だがArrow Lake-Sの内蔵GPUはXe2アーキテクチャーではなく、Arc Aシリーズと同じXeアーキテクチャーをベースにしたものである。今回発売されたCore Ultra 200Sシリーズがエンスージアスト向け製品であり、ユーザーは何らかのビデオカードと組み合わせて使用することを想定しているなら、費用対効果の面でXe2を使わないというのは合理的な判断だ。
GPUの話はここまでだが、ここでSoCタイルに含まれるNPUの話もしておこう。Eコアの所で触れたように、今のAI実装(学習ではなく推論処理運用が主体のライトユーザー向けのもの)のトレンドはCPU/ GPU/ NPUの使い分けにある。
Arrow Lake-SにもNPUが搭載されているが、Lunar Lakeに搭載された第4世代のNPU(Intel AI Boost)ではなく、Meteor Lakeに搭載された第3世代のNPUが実装されている。第4世代のNPUが48TOPSなのに対し第3世代のNPUは13TOPSと寂しいばかりだが、Arrow Lake-SのNPUは画像生成やLLMのような重い処理ではなく、Webカメラの映像で顔を認識するような、ちょっとした処理においてCPUやGPUの手を煩わせたくない時に使うデバイスといった印象だ。

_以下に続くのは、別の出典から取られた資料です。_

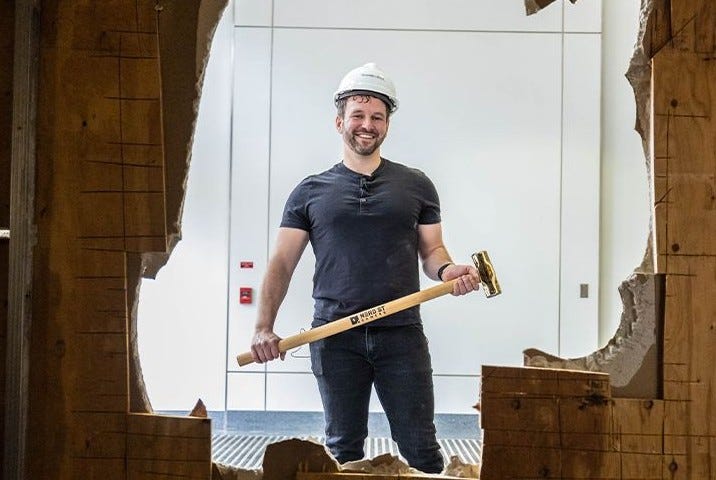 Nerd Street Gamers CEO John Fazio knocks out a wall, officially beginning construction on a new 40,000-square foot esports facility on North Broad Street.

最後にCore Ultra 200SシリーズのAI性能に関してのパフォーマンスデータを紹介しておこう。現時点における実アプリの実装では、大抵の場合CPUコアを利用してAI処理が実行され、次に多いのがGPU、NPUを利用してくれるのはかなりレアだ。
ただ「Geekbench」や「UL Procyon」で同じ条件の下パフォーマンスを比較することはできる。CPUコアだけで処理する場合、Core Ultra 9 285KとCore i9-14900Kの性能はかなり近い(INT8演算を利用した場合)が、内蔵GPUを利用する場合はCore Ultra 285KならCore i9-14900Kの2倍程度のパフォーマンスを期待できるという。
以上でCore Ultra 200Sシリーズのアーキテクチャーやパフォーマンスに関するまとめは終了だ。全体として、インテルはパワーを限界まで使って性能を出すという手段が封じられたため、アピールに苦労している感が強かった。TDPを絞った状態での比較資料を見るのは別に今回が初めてではないが、今回見たデータがどこまで現実で通用するか筆者には見当すらつかない。いつから実際の製品を試せるのか不明だが、ここは25日の販売解禁を楽しみに待つとしよう。